In April 1982, Alf MacLochlainn became the librarian of the University College Galway, known today as the University of Galway. He retired from the position in 1987. After his retirement, Alf MacLochlainn accepted a position as the Burns Library Visiting Scholar in Irish Studies at Boston College for the 1991-1992 academic year. During his time, he was named the inaugural holder of the Burns Library Chair. As a writer, his works include writings for radio, films, television and fictional novels.

Alf MacLochlainn was also engaged with various committees, serving as trustee of the Chester Beatty Library, chair of the James Joyce Institute of Ireland, and a member of the board of directors of the Irish Film Theatre. He was also a member of the Irish Manuscripts Commission, the Library Council on the committee of the Royal Irish Academy for the study of Anglo-Irish Literature, and member of the north–south committee on library cooperation in Ireland.

==Later life and death==
As part of the Galway Labour History Group, MacLochlainn gave lectures on Walter Macken in 1990 and a tribute to Eileen Costello in 1999. MacLochlainn also edited a publication of the Galway Labour History Party titled The Emigrant Experience, published in 1991. MacLochlainn worked with the former mayor of Galway Michael D. Higgins on this publication, who was also part of the Labour Party. Another writing project MacLochlainn worked on while a part of the Galway Labour History group, was a pamphlet titled Two Galway Schools published in 1993. This pamphlet had two articles titled The Claddagh Piscatory School written by MacLochlainn, and The Salthill Industrial School written by Tony Regan. Maclochlainn's article detailed the history of the Claddagh Piscatory School and its role in early education and teaching English.

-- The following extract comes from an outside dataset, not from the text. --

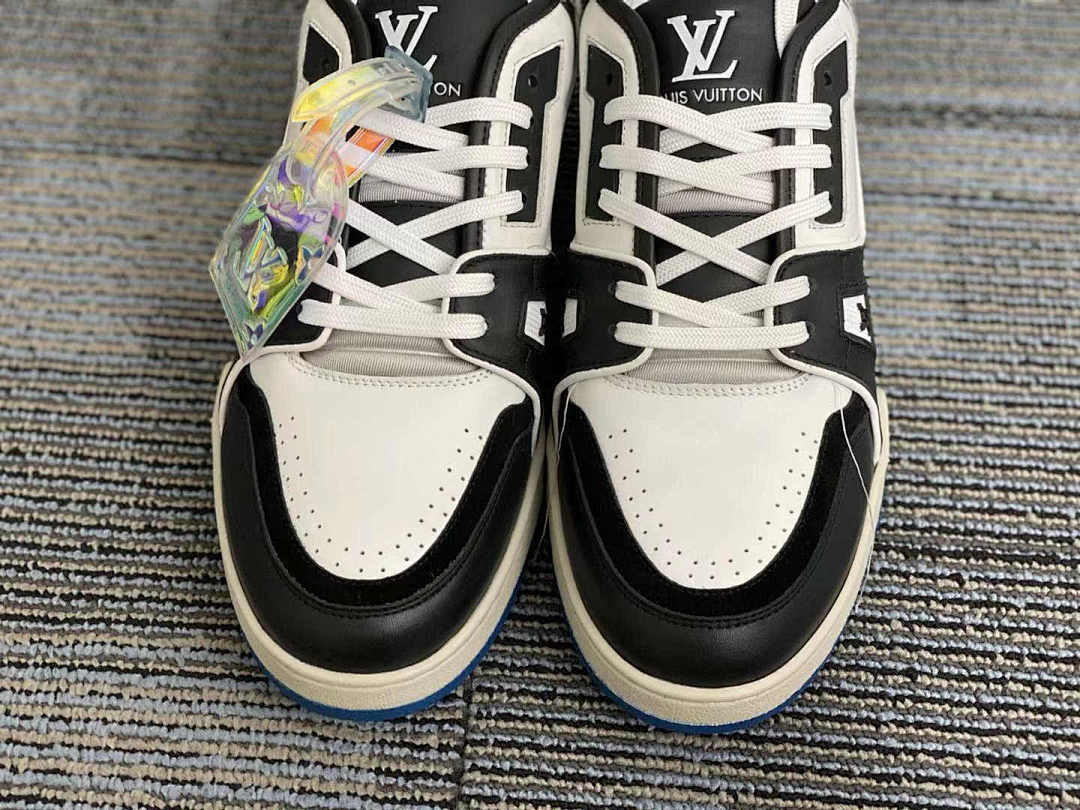 Other VV Black White 2021 Sneaker - Image 5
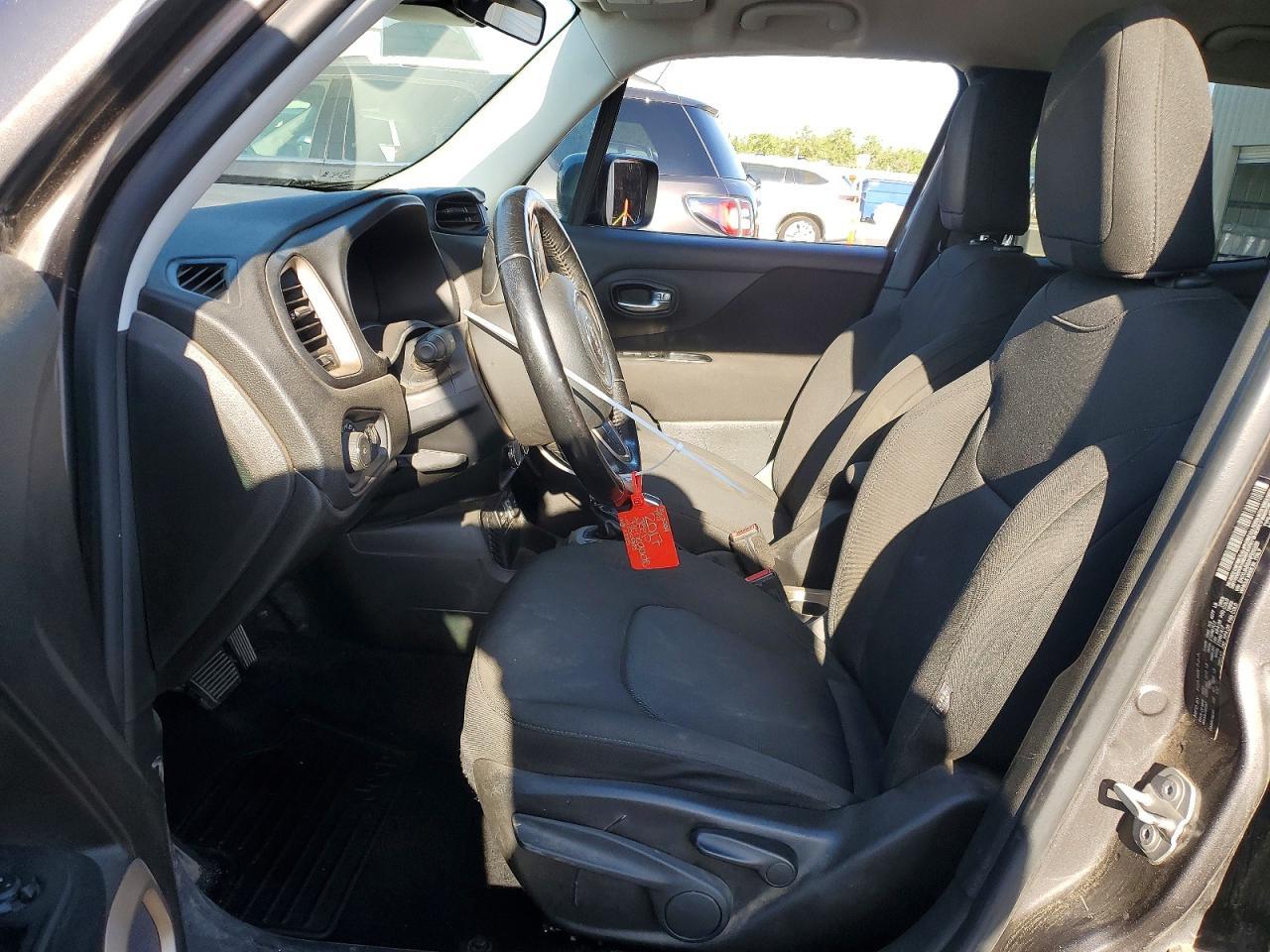 2017 Jeep Renegade Latitude - Image 7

MacLochlainn's son, Fred died of a heart attack on 21 February 1993 in Florianopolis, Brazil.

In 1994, Alf MacLochlainn was voted onto the Cultural Relations Committee, which is under the Department of Foreign Affairs for Ireland.

MacLochlainn continued to write outside of his library career. He published his second book, The Corpus in the Library: Stories and Novellas, in 1996. This book consisted of two novellas and seven short stories. He continued published his third and final book, Past Habitual, in April 2015.

MacLochlainn died at age 92 on 8 December 2018 in Galway, Ireland, with a service held at Shannon Crematorium on 12 December 2018. At his funeral service, the president of Ireland, Michael D. Higgins, delivered a commemorative speech.

In 2022, MacLochlainn's son Colm died and also had a service held at Shannon Crematorium on 8 June 2022.

== Collections and works ==
During his time as director of the National Library of Ireland, there were several additions to the collection. One such accession was a letter addressed to MacLochlainn from Proinsias Ó'Conluain, Irish broadcaster and journalist, which included a donation of a postcard from Irish writer Brendan Behan.

Before serving as director of the Library, Alf MacLochlainn was assistant keeper of manuscripts and was described as having "a genuine love for the Library's collections". MacLochlainn also published a pamphlet entitled Writers, Raconteurs and Notable Feminists: Two Monographs, based on a lecture given by Andrée Sheehy-Skeffington at the library. This pamphlet was later presented to President Mary Robinson at Áras an Uachtaráin in July 1994.

MacLochlainn contributed articles to several journals on topics surrounding Irish culture. He also contributed works in Irish. MacLochlainn was a lyricist and several of his songs, poems, and ballads are included in the National Library of Ireland's collections.

He was involved with the Irish Labour Party, receiving a long-service award in 2007, and writing articles for Saothar, a journal created by the Irish Labour History Society. He was also a member of the Galway Labour History Group.

MacLochlainn's works of fiction include Out of Focus (1985), The Corpus in the Library: Stories and Novellas (1996), Past Habitual: Stories (2015).